Coincidenza vuole che proprio un ex uomo di potere, quale il democristiano Galloni, ha ammesso le ingerenze incrociate dei servizi segreti statunitensi ed israeliani in Italia addirittura infiltrate nelle Brigate Rosse ed utili ad indirizzare scelte molto importanti della politica nazionale in chiave di orientamenti nella politica estera. Ancor oggi l’Italia è una nazione senza sovranità e senza indipendenza, ove i servizi segreti di altri Stati continuano a maramaldeggiare.La CIA è padrona assoluta dei marciapiedi e dello spazio aereo italiani e si permette di rapire, attraverso una classica azione da ‘anonima estorsioni’, un cittadino dal centro di Milano e deportarlo all’estero.

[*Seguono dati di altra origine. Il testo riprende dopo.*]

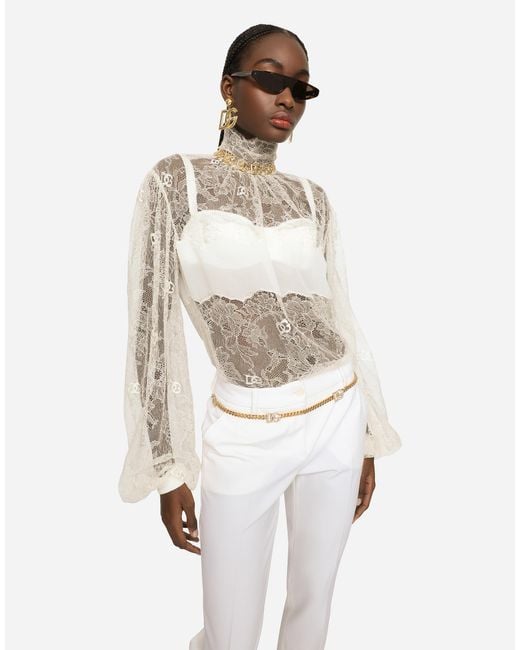 Dolce & Gabbana White Floral Lace Turtle-Neck Blouse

È quanto hanno esattamente compiuto 19 agenti statunitensi della CIA. Ci auguriamo che i giudici milanesi riescano a dare una ventata di giustizia a noi tutti e che il tutto non vada a finire così come per la funivia del Cermis ove i piloti yankee dell’Usaf, per un gioco sadico e ‘irriverente’, hanno ucciso delle persone - ancora una volta ignari innocenti - senza pagare alcunchè alla giustizia ed al popolo italiano.
Che aggiungere?
Le prime indagini di polizia sulle bombe di Londra, dicono, conducono a personaggi legati al Pakistan. Bene.
Il Pakistan, la sua agenzia di sicurezza, il suo uomo oggi al potere di chi sono alleati?

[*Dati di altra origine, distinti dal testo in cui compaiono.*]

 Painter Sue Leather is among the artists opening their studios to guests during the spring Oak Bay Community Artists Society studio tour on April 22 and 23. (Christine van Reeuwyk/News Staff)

Il Pakistan supporta e segue gli indirizzi di politica estera degli Stati Uniti.Ben conosciuti sono i legati tra le due agenzie di sicurezza, così come ben conosciuta è l’opera surrettizia degli americani, sin dal tempo dell’invasione dell’Afghanistan da parte dell’ex Urss, al governo pakistano; la Cia ha supportato in ogni modo, militarmente, finanziariamente, nell’addestramento, chi ha combattuto contro i sovietici.Oggi influisce in quel Paese nell’opera di controllo e di provocazione contro la Repubblica Islamica dell’Iran. In tal direzione vanno anche le affermazioni del sindaco di Londra, Ken Livingstone, che alla BBC ha così dichiarato, in un servizio di Leonardo Coen pubblicato su “la Repubblica” del 21 luglio scorso, p. 10: «È la politica adottata negli ultimi decenni dai Paesi occidentali in Medio Oriente a fomentare il terrorismo.Ci sono stati 80ani di ingerenza occidentale nelle terre arabe perchè lì c’era il petrolio.Abbiamo creato governi orribili e destituito quelli che non consideravamo affini.L’ultima e più letale conseguenza di questa politica è stato Bin Laden».

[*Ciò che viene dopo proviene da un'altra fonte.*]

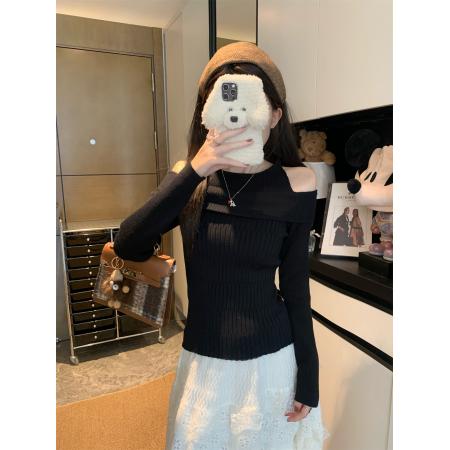 FA50271# 假两件露肩长袖针织衫女秋季小众减龄别致显瘦上衣 服裝批發女裝批發服飾貨源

Per così concludere: «Negli anni Ottanta gli americani hanno reclutato e addestrato Osama Bin Laden, gli hanno insegnato ad uccidere, a fabbricare bombe e a farsi saltare in aria per uccidere i russi e cacciarli dall’Afghanistan, ma non hanno mai pensato all’eventualità che un giorno si sarebbe rivoltato contro chi l’aveva armato e creato».
E in tema di bombe e di ordigni assassini le strutture occidentali, legate alla Cia, alla NATO e al Mossad ed agli indirizzi geopolitici giudaico-mondialisti, posseggono una vasto retroterra ed una notevole esperienza nell’uso e nella strategia d’impiego.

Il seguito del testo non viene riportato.